__What the exercise asks__
Reproduce, from the lines below, exactly the stretch that begins at the line containing "Сутчевская школа марпосадский" and ends at the line containing "Vaas - Brons, Een", both included.

__Source data__
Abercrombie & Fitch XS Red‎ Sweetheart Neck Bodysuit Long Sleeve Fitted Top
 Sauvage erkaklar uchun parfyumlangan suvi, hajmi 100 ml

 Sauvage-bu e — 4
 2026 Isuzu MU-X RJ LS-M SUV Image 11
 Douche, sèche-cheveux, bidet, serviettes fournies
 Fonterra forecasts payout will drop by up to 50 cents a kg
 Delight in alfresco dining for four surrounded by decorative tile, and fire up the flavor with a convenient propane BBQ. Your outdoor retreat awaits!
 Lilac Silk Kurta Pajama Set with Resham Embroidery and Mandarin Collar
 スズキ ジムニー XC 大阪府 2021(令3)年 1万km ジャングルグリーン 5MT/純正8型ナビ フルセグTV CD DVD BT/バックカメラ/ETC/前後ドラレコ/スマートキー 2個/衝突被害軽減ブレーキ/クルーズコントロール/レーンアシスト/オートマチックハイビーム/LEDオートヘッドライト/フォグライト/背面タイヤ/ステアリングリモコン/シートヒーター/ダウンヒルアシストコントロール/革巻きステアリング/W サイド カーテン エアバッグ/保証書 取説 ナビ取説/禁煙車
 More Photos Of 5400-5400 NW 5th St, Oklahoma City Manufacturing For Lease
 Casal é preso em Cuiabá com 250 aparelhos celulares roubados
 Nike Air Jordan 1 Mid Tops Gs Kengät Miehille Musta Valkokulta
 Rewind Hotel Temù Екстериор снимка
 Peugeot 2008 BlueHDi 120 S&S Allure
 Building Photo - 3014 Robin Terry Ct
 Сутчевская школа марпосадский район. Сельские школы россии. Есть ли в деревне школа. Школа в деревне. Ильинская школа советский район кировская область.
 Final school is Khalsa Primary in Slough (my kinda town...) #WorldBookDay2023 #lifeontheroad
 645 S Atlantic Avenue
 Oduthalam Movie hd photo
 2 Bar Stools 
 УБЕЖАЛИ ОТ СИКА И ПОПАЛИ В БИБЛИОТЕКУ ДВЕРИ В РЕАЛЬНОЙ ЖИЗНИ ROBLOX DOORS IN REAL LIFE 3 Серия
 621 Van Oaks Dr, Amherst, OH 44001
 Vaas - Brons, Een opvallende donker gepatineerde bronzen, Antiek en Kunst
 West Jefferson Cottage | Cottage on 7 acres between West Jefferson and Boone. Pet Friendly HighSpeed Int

__Response__
 Сутчевская школа марпосадский район. Сельские школы россии. Есть ли в деревне школа. Школа в деревне. Ильинская школа советский район кировская область.
 Final school is Khalsa Primary in Slough (my kinda town...) #WorldBookDay2023 #lifeontheroad
 645 S Atlantic Avenue
 Oduthalam Movie hd photo
 2 Bar Stools 
 УБЕЖАЛИ ОТ СИКА И ПОПАЛИ В БИБЛИОТЕКУ ДВЕРИ В РЕАЛЬНОЙ ЖИЗНИ ROBLOX DOORS IN REAL LIFE 3 Серия
 621 Van Oaks Dr, Amherst, OH 44001
 Vaas - Brons, Een opvallende donker gepatineerde bronzen, Antiek en Kunst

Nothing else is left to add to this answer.